E in effetti la violenza domestica in Europa è un reato per tutti, anche per gli islamici. Ma che dire dell'apologia di questo "diritto"/reato? E' di questo che vi volevo parlare. Una sentenza di un giudice svizzero ha appena stabilito che esaltare il "diritto" dei mariti di picchiare le donne per avere sesso, predicarlo da un pulpito religioso, come ha fatto alla televisione il leader islamico di Basilea, tale Aziz Osmanoglu, non è reato. (http://www.bivouac-id.com/billets/suisse-les-imams-ont-le-droit-de-conseiller-de-battre-les-femmes-quand-on-a-besoin-de-sexe/). La ragione? La solita: bisogna rispettare le differenze, non sempre quel che uno dice in qualità di leader religioso si applica, comunque bisogna dimostrarlo, insomma non ce la si può prendere con i poveri musulmani se sono diversi da noi, eccetera eccetera.

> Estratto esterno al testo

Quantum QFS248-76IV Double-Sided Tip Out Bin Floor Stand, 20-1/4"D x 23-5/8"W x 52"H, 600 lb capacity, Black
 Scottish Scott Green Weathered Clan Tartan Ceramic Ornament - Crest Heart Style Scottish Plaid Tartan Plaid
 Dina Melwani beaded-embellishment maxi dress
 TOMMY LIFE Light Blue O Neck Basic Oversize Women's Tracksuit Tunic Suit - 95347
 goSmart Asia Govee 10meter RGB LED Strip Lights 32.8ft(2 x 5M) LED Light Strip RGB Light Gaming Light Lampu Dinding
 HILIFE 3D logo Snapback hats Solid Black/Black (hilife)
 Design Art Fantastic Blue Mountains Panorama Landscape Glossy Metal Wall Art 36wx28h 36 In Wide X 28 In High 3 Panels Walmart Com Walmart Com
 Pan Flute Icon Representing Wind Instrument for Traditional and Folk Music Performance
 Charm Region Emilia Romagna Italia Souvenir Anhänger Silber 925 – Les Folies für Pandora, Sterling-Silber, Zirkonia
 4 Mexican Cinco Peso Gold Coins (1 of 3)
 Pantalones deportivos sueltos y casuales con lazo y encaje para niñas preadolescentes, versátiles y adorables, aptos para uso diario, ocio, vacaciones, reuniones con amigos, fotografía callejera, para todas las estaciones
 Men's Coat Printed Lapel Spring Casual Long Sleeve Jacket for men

Be', se siete una di quei mariti brutti e violenti che potrebbero essere tentati da questo tipo di approccio, potete essere contenti e avere simpatia per l'Islam anche per questa ragione. Se non lo siete, potete aver paura e fare apertamente gli islamofobi, come noi. Oppure, sempre per paura, potete fare gli eurarabi, come molti, come forse anche quel giudice. Fate voi.